Isso quer dizer que pequenos aumentos de CO2 no sangue arterial -- causados tanto por poluição ambiente quanto por um nariz entupido -- farão com que os neurônios serotoninérgicos da rafe dêem o alarme, e comecem a espalhar, eles mesmos, serotonina pelo cérebro. O resultado? Um conjunto de medidas para normalizar o CO2 do sangue, propõem os pesquisadores, desde alterações no ritmo e na profundidade da respiração até o despertar súbito do sono e uma sensação intensa de ansiedade -- e tudo isso provocado diretamente por neurônios da rafe.

Não é à toa que roncadores prolíficos acordam tantas vezes durante o sono, e sobressaltados. É a melhor coisa que poderia acontecer com quem começa a roncar (o que muitas vezes é devido a obstruções na traquéia, por exemplo sob excesso de peso). Uma falha nesse sistema serotoninérgico de alarme generalizado em função da detecção de CO2 pode ser fatal. Aliás, defeitos nesse sistema já foram constatados em casos de morte súbita infantil, síndrome que mata bebês no berço durante o sono.

Curiosamente, alterações menos graves no mesmo sistema podem estar por trás de dois problemas que perturbam a vida de muita gente -- ambos, por sinal, tratáveis com drogas que modificam a ação da serotonina no cérebro. Um é a síndrome do pânico, que poderia ter origem na ativação fora de hora do tal ’alarme de sufocamento’ serotoninérgico do tronco cerebral: a pessoa sente falta de ar angustiante, que pode se agravar até se transformar em sensação de morte iminente -- mas equivocada, pois não há risco fisiológico algum.

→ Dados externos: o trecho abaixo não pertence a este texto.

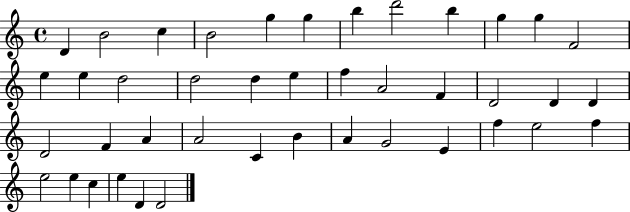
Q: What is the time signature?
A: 4/4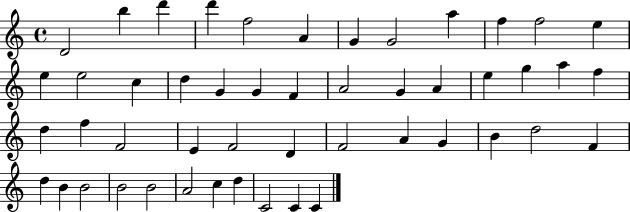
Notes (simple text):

D4/h B5/q D6/q D6/q F5/h A4/q G4/q G4/h A5/q F5/q F5/h E5/q E5/q E5/h C5/q D5/q G4/q G4/q F4/q A4/h G4/q A4/q E5/q G5/q A5/q F5/q D5/q F5/q F4/h E4/q F4/h D4/q F4/h A4/q G4/q B4/q D5/h F4/q D5/q B4/q B4/h B4/h B4/h A4/h C5/q D5/q C4/h C4/q C4/q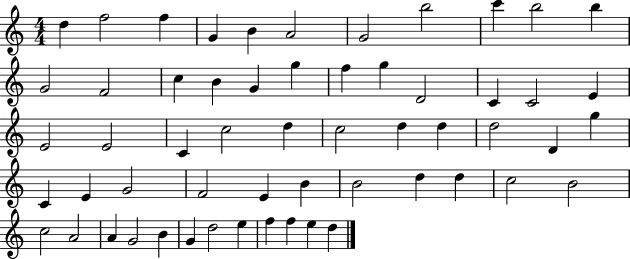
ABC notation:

X:1
T:Untitled
M:4/4
L:1/4
K:C
d f2 f G B A2 G2 b2 c' b2 b G2 F2 c B G g f g D2 C C2 E E2 E2 C c2 d c2 d d d2 D g C E G2 F2 E B B2 d d c2 B2 c2 A2 A G2 B G d2 e f f e d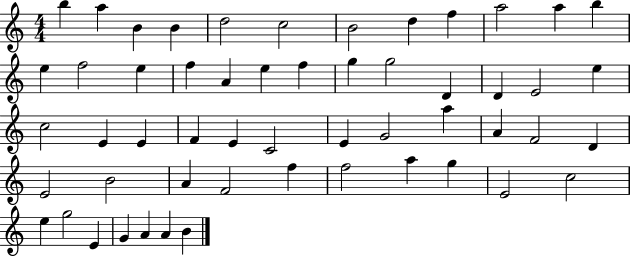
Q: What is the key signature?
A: C major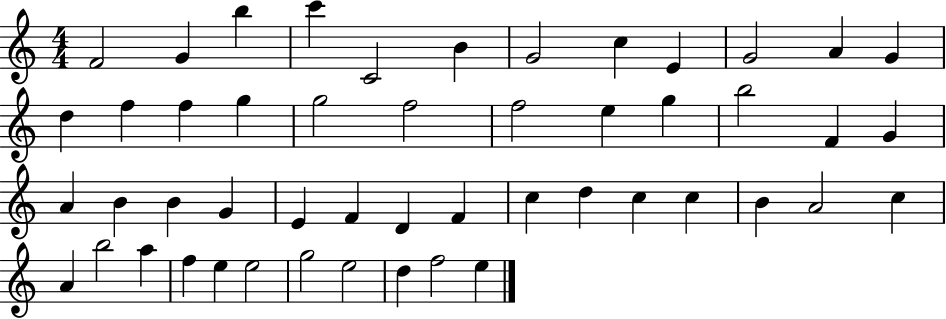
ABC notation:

X:1
T:Untitled
M:4/4
L:1/4
K:C
F2 G b c' C2 B G2 c E G2 A G d f f g g2 f2 f2 e g b2 F G A B B G E F D F c d c c B A2 c A b2 a f e e2 g2 e2 d f2 e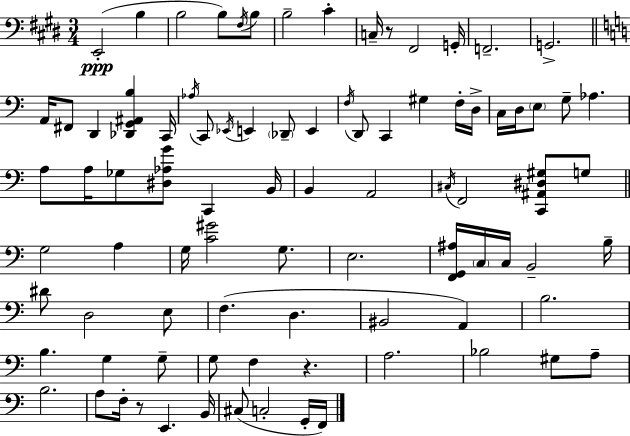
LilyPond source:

{
  \clef bass
  \numericTimeSignature
  \time 3/4
  \key e \major
  e,2-.(\ppp b4 | b2 b8) \acciaccatura { fis16 } b8 | b2-- cis'4-. | c16-- r8 fis,2 | \break g,16-. f,2.-- | g,2.-> | \bar "||" \break \key c \major a,16 fis,8 d,4 <des, g, ais, b>4 c,16 | \acciaccatura { aes16 } c,8 \acciaccatura { ees,16 } e,4 \parenthesize des,8-- e,4 | \acciaccatura { f16 } d,8 c,4 gis4 | f16-. d16-> c16 d16 \parenthesize e8 g8-- aes4. | \break a8 a16 ges8 <dis aes g'>8 c,4 | b,16 b,4 a,2 | \acciaccatura { cis16 } f,2 | <c, ais, dis gis>8 g8 \bar "||" \break \key a \minor g2 a4 | g16 <c' gis'>2 g8. | e2. | <f, g, ais>16 \parenthesize c16 c16 b,2-- b16-- | \break dis'8 d2 e8 | f4.( d4. | bis,2 a,4) | b2. | \break b4. g4 g8-- | g8 f4 r4. | a2. | bes2 gis8 a8-- | \break b2. | a8 f16-. r8 e,4. b,16 | cis8( c2-. g,16-. f,16) | \bar "|."
}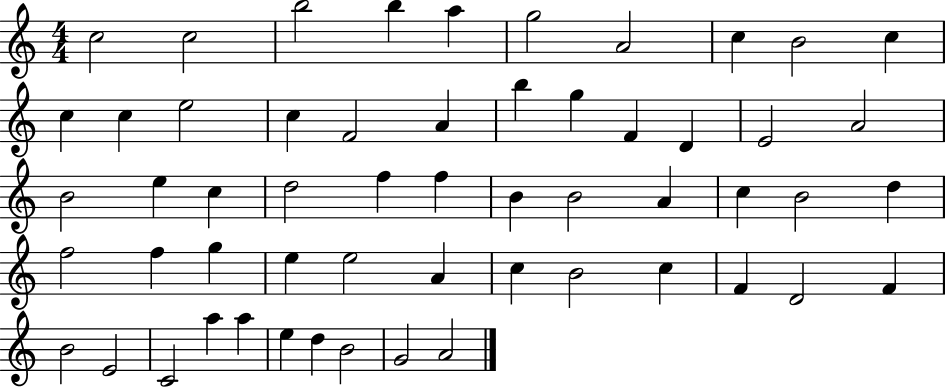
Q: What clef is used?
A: treble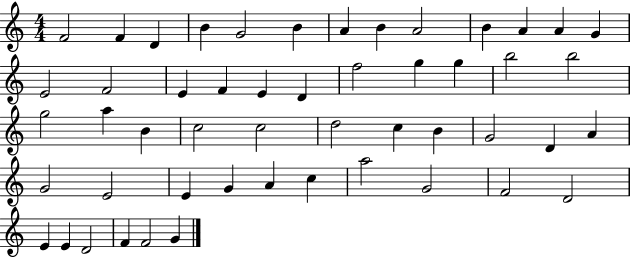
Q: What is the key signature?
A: C major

O outro problema, bem mais comum, é a enxaqueca, que envolve alterações nos vasos sangüíneos cerebrais, talvez provocadas também por um alarme falso dado pelo sistema serotoninérgico da rafe. Desagradável, é verdade. Mas se esses efeitos colaterais esporádicos são o preço de um sistema de alarme que funciona bem na maior parte do tempo e não deixa ninguém, grande ou pequeno, morrer sufocado pelos próprios lençóis... é um preço bem razoável, não?

Fonte: Bradley SR, Pieribone VA, Wang W, Severson CA, Jacobs RA, Richerson GB (2002). Chemosensitive serotonergic neurons are closely associated with large medullary arteries. Nature Neuroscience 5, 401-402.

Severson CA, Wang W, Pieribone VA, Dohle CI, Richerson GB (2003). Midbrain serotonergic neurons are central pH chemoreceptors. Nature Neuroscience 6, 1139-1140.